Однако он даже не удостоил меня ответом и обратился к слугам:
«Этот француз, кого я пригрел у себя и кормил
за моим столом, предатель, шпион католиков, заговорщик, засланный врагами нашего доброго короля Станислава Понятовского».Поскольку говорил он по-латыни, я все понял.
«Я шпион?» — в ужасе закричал я.
«Но, вместо того чтобы убить его достойно, зарубить саблей, — продолжал Обиньский, — я решил, что он умрет подобно преступникам и смердам — под кнутом! Эй, ну-ка! Кнута презренному негодяю, кнута!»
Ответить мне не дали: двое слуг схватили меня, согнув пополам, и по знаку старосты выволокли на двор, где судья замка — у каждого из мелких польских сеньоров, имеющих право казнить или миловать своих холопов, есть судья — приказал бить меня кнутом до смерти.
На десятом ударе я, залитый кровью, потерял сознание…
Здесь Марат сделал паузу; он приводил Дантона в ужас своей бледностью и жестоким выражением лица.
— О-хо-хо! — вздохнул Дантон. — Мадемуазель Обиньская не ошиблась, вверив свои тайны отцу: он оказался неболтливым исповедником!
— Таким неболтливым, — подхватил Марат, — что приказал прикончить меня, чтобы я не сказал ни слова; я говорю прикончить, ибо граф приказал, повторяю, бить меня кнутом до тех пор, пока я не испущу последний вздох.
— Тем не менее, как я вижу, вы живы, — ответил Дантон.

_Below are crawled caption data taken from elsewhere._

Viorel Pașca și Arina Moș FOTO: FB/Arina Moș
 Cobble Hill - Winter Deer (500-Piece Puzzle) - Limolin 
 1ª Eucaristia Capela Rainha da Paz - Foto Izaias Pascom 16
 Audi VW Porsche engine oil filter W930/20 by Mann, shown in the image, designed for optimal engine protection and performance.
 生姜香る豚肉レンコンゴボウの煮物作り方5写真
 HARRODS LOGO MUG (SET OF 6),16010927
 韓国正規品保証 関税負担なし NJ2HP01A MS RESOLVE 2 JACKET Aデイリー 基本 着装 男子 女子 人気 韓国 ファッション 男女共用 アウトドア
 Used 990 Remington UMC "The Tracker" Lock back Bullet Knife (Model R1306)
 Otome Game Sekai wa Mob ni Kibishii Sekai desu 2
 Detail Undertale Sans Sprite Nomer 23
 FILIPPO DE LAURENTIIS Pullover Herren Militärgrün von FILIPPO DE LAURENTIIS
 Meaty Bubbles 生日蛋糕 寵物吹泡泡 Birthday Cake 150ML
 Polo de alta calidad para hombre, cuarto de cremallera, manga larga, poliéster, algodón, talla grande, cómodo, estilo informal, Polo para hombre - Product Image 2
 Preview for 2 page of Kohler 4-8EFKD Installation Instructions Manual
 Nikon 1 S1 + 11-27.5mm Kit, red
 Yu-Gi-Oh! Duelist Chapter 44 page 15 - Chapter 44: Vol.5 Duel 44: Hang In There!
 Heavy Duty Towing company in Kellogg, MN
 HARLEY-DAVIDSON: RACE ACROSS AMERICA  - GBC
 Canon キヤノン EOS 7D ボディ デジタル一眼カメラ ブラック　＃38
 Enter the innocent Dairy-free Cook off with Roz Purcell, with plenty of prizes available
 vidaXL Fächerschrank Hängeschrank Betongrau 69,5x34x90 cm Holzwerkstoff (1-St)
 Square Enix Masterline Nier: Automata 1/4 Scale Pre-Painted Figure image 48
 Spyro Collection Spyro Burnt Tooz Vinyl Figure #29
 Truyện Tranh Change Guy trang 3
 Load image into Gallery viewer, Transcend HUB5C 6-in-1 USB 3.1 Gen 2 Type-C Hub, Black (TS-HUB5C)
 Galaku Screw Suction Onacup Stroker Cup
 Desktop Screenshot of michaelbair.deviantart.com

— Благодаря другу, который появился у меня, сам не знаю, каким образом.
— Что за друг?
— Тот конюх, что сопровождал нас в прогулках верхом и пожалел меня, видя жестокость Цецилии. Будучи близким другом моего палача, он просил его пощадить меня; тот оставил меня бездыханным и объявил графу, что я мертв. К счастью, графу даже в голову не пришло самому увериться в этом! Меня, бесчувственного, перенесли в комнату конюха, откуда должны были вышвырнуть на маленькое кладбище, где господа польские сеньоры велят просто-напросто зарывать в землю своих рабов, забитых кнутом до смерти; мой конюх перевязал меня на свой манер: промыл рану водой с солью.
— Вы говорите об одной ране, — заметил Дантон, кого, казалось, не слишком сильно волновали муки его хозяина. — Мне показалось, будто вы сказали, что получили множество ударов кнутом.
— Это так, — ответил Марат. — Но искусный палач всегда наносит удары в одно и то же место, и десять ударов создают всего одну рваную рану, рану чудовищную, из которой обычно душа истекает вместе с кровью.
— Значит, вас спасла соль? — заметил Дантон.
— К вечеру — я помню, что было воскресенье, ибо в тот день мадемуазель Обиньская должна была ужинать у князя Чарторыского, а на ужине ожидали присутствие короля Станислава, — к вечеру ко мне пришел мой спаситель; я совершенно обессилел, с трудом мог открыть глаза, и беспрестанно кричал от боли.
«Все здесь считают вас мертвым, а вы еще смеете кричать?» — спросил он по-латыни.
Я ответил, что не в силах сдерживаться.
Он покачал головой:
«Если господин или мадемуазель услышат вас, — вас прикончат, а меня, вашего спасителя, ждет такая же казнь, что и вас».
После этого я пытался не кричать, но для этого был вынужден зажимать рот рукой.
«Вот ваши деньги, — прибавил он, подавая мне кошелек, в котором были четыреста флоринов моих сбережений, — господин отдал его мне вместе с вашей одеждой; без денег вы далеко не уйдете, а вам необходимо бежать». — «Когда?» — в испуге спросил я. «Да сейчас». — «Сейчас? Вы с ума сошли, я же не могу пошевелиться». — «В таком случае я размозжу вам голову выстрелом из пистолета, — невозмутимо заметил этот честный друг. — Вам больше не придется страдать, а мне — беспокоиться за свою жизнь».